You demoting me.. I'm a Colonel :lol:
I'm under no impression, and left that option open.
One would look to the SR71 and F104 aircraft for different construction and configs at high mach numbers. Titanium is a good material option, although I think there are newer materials... must look it up. ;)

---------- Post added at 10:23 PM ---------- Previous post was at 06:10 PM ----------

Remember for the Falcon 9 that the wings would need to be robust enough to fly back something the size of the Statue of Liberty with the CG back near the engines, so you have some awkward aerostability issues to deal with. The tanks and interstage would effectively form a 100 ft "nose" that has little weight but big surface area, so weathervane instability is a big problem.

Yup.. already thought of that.. ;)

Fuel and weight wise, SpaceX's nearly spent 1st stage just has to continue its arc into the ocean (mostly). It's not burning a lot of fuel to decelerate because it is very light.

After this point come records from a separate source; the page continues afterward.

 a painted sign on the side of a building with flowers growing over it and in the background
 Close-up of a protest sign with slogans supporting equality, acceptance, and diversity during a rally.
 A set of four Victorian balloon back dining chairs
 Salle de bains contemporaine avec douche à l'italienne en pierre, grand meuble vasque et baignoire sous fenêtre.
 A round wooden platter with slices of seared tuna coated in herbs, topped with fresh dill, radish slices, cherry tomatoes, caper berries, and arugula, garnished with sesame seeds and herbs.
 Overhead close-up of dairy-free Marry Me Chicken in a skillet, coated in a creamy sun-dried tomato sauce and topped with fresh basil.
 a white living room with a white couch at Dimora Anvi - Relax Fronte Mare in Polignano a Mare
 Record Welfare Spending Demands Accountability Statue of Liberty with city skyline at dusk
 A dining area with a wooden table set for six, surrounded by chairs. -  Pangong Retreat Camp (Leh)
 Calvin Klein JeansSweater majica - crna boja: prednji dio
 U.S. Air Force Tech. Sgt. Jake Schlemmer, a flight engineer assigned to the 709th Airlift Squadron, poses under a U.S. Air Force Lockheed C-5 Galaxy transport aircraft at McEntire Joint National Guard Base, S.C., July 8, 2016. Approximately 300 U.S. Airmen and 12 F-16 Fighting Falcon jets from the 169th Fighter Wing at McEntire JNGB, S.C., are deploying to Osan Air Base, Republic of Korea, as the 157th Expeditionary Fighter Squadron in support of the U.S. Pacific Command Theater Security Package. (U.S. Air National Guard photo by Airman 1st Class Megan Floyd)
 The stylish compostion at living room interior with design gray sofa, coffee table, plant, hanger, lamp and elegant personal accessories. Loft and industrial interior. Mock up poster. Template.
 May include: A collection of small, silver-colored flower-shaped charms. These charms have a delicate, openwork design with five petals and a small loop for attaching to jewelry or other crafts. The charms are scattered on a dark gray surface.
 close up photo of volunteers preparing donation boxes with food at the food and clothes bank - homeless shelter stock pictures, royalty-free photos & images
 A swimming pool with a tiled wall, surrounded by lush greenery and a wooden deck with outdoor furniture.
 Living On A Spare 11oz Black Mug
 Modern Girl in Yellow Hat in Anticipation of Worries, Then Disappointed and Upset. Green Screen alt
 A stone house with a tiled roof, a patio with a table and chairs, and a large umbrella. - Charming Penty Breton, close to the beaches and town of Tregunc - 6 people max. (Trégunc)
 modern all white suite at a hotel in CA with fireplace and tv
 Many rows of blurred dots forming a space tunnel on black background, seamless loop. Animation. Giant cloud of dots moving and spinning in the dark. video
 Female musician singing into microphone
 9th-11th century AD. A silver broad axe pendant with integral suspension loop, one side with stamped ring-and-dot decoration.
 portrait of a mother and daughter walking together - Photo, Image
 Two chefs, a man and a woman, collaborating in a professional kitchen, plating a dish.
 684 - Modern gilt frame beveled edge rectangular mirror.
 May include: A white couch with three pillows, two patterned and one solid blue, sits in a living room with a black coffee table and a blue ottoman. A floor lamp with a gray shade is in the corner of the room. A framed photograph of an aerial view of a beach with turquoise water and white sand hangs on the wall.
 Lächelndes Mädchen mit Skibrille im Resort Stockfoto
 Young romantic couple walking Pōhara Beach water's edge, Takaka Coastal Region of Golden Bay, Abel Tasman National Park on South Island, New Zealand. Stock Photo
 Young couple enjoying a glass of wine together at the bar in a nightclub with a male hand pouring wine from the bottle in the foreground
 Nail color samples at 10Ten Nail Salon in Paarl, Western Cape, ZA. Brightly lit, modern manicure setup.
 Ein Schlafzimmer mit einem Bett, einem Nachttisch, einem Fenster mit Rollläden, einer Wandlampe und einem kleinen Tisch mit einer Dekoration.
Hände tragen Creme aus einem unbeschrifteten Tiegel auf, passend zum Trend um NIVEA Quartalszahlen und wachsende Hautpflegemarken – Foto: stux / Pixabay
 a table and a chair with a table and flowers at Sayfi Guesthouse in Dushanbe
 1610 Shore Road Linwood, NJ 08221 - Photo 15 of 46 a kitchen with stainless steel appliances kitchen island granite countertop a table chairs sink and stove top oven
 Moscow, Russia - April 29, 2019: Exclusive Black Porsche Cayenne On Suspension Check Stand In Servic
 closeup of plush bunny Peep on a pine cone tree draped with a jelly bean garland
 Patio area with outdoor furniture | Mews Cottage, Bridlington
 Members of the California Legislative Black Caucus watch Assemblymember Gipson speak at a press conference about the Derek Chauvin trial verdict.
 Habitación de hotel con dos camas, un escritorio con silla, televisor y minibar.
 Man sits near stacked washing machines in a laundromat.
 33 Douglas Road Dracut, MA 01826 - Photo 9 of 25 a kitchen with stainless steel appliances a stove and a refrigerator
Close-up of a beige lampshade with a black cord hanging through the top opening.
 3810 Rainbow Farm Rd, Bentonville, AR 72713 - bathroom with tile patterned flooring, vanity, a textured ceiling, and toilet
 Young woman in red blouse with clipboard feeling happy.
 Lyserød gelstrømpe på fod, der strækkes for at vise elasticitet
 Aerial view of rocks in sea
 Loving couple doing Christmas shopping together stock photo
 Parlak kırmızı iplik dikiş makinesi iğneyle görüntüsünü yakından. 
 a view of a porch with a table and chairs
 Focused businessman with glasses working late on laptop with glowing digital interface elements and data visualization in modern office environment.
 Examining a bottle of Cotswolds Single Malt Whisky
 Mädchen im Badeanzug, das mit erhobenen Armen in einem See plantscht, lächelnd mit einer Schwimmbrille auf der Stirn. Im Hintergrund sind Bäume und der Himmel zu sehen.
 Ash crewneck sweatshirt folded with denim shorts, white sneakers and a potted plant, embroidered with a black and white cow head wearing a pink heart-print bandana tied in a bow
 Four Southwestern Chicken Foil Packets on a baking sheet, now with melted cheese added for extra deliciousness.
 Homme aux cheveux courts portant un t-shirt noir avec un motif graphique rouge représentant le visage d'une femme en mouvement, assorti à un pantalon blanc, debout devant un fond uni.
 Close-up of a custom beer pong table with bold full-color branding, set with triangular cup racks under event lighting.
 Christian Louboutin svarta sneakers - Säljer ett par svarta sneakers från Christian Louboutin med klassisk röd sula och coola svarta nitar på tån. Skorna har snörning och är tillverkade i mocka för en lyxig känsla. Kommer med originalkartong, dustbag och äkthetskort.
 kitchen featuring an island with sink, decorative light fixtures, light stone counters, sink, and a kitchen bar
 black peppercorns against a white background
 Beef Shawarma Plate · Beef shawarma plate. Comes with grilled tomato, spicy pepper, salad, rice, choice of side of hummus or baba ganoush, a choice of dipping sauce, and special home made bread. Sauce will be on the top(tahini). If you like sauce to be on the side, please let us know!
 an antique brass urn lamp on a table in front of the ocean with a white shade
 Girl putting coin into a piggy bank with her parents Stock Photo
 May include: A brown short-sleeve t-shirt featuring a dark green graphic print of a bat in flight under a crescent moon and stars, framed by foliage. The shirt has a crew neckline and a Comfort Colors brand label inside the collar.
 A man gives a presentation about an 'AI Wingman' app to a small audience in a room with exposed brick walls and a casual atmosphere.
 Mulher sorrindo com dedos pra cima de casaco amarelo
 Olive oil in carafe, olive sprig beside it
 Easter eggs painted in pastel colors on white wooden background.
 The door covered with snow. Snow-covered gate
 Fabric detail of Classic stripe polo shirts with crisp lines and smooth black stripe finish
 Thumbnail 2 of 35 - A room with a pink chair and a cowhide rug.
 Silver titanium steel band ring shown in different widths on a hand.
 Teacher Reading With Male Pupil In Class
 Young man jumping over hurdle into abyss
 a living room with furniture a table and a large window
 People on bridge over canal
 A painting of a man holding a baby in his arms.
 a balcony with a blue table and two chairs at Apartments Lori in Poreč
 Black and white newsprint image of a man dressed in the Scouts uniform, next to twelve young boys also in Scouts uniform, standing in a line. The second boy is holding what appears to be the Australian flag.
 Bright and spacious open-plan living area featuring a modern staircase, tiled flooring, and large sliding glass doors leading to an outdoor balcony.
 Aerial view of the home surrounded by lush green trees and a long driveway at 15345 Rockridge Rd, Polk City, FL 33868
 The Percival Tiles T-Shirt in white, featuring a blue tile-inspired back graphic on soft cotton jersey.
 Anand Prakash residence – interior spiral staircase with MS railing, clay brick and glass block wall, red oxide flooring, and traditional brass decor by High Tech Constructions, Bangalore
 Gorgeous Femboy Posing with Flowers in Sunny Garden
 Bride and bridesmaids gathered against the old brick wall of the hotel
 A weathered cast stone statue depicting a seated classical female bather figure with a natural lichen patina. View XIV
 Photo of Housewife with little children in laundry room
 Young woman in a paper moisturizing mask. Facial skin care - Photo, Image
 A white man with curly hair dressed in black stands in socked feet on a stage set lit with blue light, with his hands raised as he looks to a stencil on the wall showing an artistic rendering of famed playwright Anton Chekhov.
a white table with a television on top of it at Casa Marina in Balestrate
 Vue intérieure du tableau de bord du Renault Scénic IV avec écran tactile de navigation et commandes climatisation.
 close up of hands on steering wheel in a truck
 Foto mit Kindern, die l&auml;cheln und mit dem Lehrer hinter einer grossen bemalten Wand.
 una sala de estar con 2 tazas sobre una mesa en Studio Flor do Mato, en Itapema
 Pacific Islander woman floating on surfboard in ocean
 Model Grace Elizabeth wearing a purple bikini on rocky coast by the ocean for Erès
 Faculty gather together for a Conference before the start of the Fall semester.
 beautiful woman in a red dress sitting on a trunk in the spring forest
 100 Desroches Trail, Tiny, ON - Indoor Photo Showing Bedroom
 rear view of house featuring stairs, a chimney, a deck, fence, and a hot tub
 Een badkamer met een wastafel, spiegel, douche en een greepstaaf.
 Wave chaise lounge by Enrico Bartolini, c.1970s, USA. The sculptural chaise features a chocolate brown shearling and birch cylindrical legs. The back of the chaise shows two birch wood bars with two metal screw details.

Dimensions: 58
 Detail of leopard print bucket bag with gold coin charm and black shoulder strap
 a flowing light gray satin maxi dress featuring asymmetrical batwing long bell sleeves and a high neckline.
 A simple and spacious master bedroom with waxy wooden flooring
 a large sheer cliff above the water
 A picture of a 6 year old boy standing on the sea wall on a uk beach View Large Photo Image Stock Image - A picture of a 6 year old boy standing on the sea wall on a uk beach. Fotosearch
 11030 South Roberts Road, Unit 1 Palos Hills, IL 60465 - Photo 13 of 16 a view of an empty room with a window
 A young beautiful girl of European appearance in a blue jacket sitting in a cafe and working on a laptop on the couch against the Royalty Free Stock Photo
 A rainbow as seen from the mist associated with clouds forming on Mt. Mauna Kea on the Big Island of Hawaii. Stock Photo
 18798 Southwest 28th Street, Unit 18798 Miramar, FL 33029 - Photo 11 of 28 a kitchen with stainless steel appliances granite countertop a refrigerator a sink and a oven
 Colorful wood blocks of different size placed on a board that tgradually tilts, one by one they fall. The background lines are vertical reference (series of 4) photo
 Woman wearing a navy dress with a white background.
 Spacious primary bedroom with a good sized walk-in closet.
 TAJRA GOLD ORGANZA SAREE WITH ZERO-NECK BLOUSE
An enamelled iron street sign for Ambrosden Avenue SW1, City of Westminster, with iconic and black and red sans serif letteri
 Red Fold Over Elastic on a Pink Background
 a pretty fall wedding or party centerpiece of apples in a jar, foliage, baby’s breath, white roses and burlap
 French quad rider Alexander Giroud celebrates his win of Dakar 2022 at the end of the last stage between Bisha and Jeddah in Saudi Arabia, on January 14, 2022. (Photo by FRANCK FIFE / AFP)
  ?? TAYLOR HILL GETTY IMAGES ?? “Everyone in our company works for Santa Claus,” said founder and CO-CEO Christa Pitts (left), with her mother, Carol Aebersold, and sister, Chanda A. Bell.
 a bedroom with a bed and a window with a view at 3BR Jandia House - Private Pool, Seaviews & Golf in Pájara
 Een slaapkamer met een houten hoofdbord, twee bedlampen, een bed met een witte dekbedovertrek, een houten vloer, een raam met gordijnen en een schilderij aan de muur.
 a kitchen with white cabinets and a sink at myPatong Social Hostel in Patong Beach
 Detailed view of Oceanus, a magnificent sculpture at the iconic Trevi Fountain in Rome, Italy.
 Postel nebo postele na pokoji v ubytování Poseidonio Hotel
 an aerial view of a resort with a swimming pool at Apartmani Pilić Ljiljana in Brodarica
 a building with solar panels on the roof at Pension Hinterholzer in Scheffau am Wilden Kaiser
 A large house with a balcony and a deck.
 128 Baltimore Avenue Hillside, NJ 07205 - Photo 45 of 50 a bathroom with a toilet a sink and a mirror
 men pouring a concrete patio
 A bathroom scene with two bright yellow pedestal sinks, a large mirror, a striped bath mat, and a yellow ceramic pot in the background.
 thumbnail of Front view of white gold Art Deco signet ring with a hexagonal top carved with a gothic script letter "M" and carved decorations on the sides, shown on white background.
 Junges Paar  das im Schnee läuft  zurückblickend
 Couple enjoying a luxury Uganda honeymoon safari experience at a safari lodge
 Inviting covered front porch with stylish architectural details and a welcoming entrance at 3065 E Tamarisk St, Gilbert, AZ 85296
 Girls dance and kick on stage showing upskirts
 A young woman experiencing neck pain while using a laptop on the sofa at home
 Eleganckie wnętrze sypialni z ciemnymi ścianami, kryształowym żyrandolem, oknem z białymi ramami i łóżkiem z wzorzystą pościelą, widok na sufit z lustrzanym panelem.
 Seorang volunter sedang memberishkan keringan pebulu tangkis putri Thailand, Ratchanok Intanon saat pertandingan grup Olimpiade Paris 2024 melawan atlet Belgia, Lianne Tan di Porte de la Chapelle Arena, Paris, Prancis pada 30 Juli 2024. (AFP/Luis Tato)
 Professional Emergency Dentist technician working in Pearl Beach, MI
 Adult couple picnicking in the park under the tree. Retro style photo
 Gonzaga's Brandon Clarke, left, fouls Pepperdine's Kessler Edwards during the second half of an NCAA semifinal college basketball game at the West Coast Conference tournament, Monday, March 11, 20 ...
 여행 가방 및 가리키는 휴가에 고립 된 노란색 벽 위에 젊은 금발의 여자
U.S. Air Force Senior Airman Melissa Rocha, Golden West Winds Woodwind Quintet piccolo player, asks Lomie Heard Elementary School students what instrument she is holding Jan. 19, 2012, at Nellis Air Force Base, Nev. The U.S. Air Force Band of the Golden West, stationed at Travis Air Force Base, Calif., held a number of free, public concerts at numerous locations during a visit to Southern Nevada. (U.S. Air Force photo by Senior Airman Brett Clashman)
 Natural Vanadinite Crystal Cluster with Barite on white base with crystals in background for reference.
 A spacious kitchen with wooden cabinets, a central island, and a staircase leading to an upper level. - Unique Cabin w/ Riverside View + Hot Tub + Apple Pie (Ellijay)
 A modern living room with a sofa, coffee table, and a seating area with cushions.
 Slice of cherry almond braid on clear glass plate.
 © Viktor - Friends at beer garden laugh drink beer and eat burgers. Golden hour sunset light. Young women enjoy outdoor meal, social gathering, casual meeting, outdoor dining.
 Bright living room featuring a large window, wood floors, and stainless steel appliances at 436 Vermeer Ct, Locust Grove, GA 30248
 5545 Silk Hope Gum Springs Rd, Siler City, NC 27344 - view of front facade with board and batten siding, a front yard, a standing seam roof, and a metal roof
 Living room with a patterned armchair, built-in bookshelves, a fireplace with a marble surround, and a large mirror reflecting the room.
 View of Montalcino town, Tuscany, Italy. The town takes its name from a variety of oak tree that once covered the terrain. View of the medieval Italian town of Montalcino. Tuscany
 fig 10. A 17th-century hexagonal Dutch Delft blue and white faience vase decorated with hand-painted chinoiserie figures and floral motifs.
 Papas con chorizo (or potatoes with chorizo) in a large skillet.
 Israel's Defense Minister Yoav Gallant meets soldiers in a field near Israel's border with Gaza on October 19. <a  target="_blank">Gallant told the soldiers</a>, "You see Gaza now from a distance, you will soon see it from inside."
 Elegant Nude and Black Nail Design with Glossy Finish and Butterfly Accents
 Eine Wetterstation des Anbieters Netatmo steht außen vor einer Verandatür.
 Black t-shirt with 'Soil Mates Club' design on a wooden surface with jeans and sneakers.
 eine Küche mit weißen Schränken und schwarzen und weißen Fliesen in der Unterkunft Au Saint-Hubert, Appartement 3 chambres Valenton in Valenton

Most of the stage dV is going toward pushing the 2nd stage to orbit, not returning. Even flyback to the landing site is not so bad energy wise. Again - you're decelerating a light stage, and once you get it moving back to the pad you're "flying" the stage with the grid fins.

At the end of the day, the Falcon 9 is a largely conventional rocket, with some low mass amendments (fins, legs, control software) to enable return.

It'll be a weigh-up between a stage (liberty size) and it's return fuel load landing on a barge, compared to an empty stage gliding back in on a wing system to a runway.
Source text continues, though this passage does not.